Your instructions.
Give again, word for word, the line holding "ur posher,julian! 🕷👙" and every line after it through the end of the data below. Omit pictures.

Records shown.
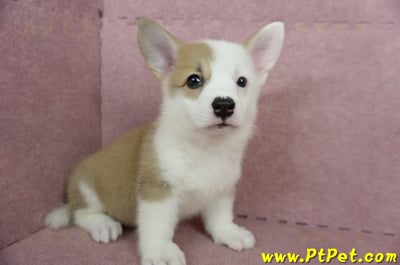 04/14雙色柯基犬母幼犬2號(屏東潮州)4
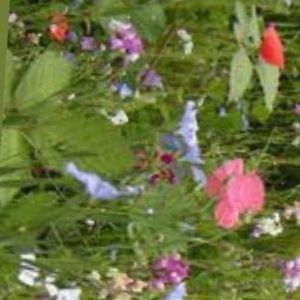 👙🕷meet ur posher,julian! 🕷👙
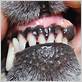 gum disease dog cyst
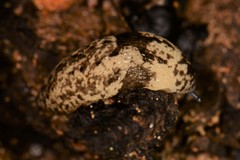 Philomycus sellatus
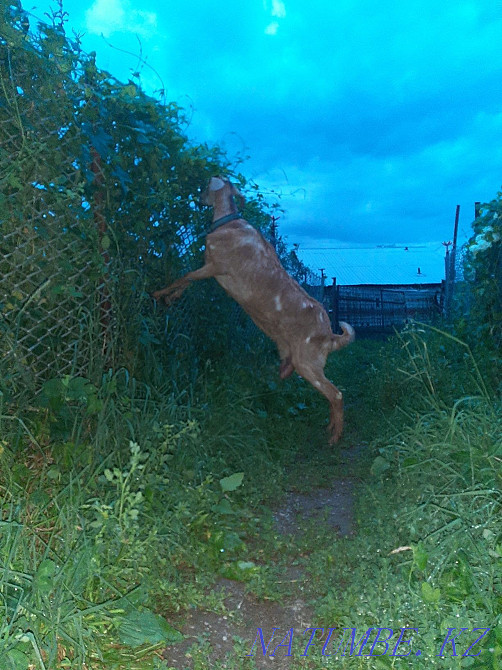 Goat 3 years noob-alp. Esik - photo 4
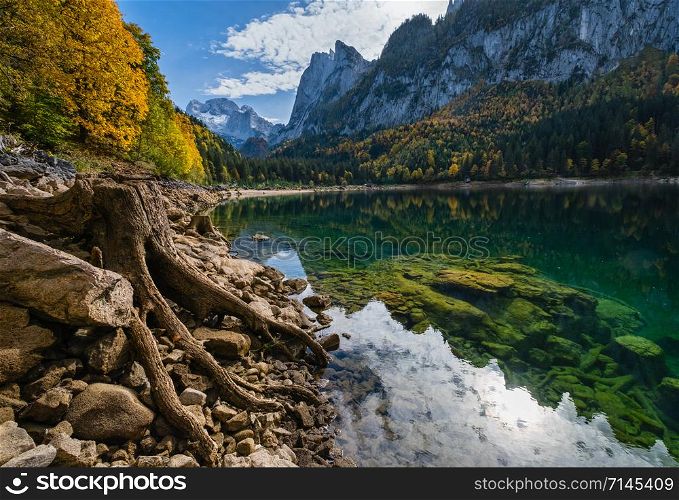 Tree stumps near Gosauseen or Vorderer Gosausee lake, Upper Austria. Colorful autumn alpine view of mountain lake with clear transparent water and reflections. Dachstein summit and glacier in far.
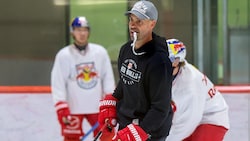 Eisbullen-Chefcoach Alan Letang.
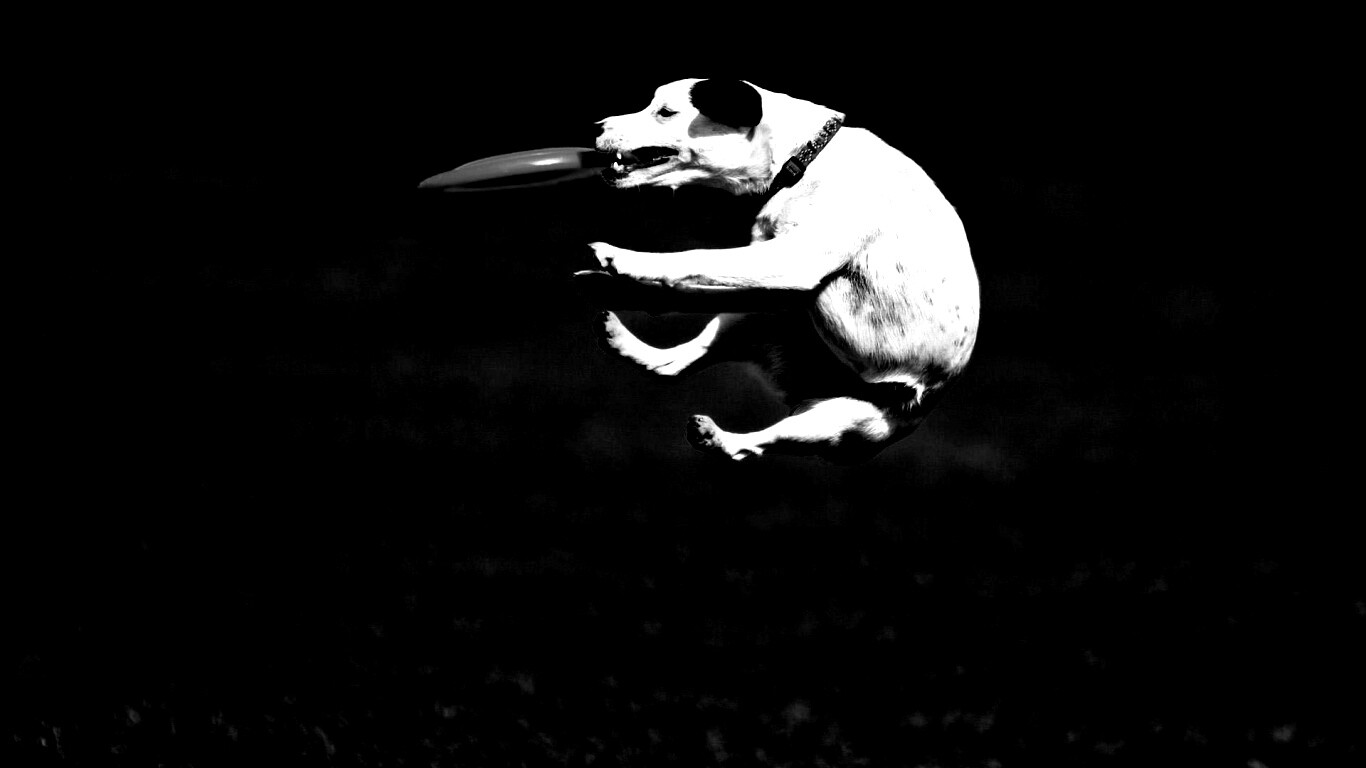 Ловкач обои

Expected output.
 👙🕷meet ur posher,julian! 🕷👙
 gum disease dog cyst
 Philomycus sellatus
 Goat 3 years noob-alp. Esik - photo 4
 Tree stumps near Gosauseen or Vorderer Gosausee lake, Upper Austria. Colorful autumn alpine view of mountain lake with clear transparent water and reflections. Dachstein summit and glacier in far.
 Eisbullen-Chefcoach Alan Letang.
 Ловкач обои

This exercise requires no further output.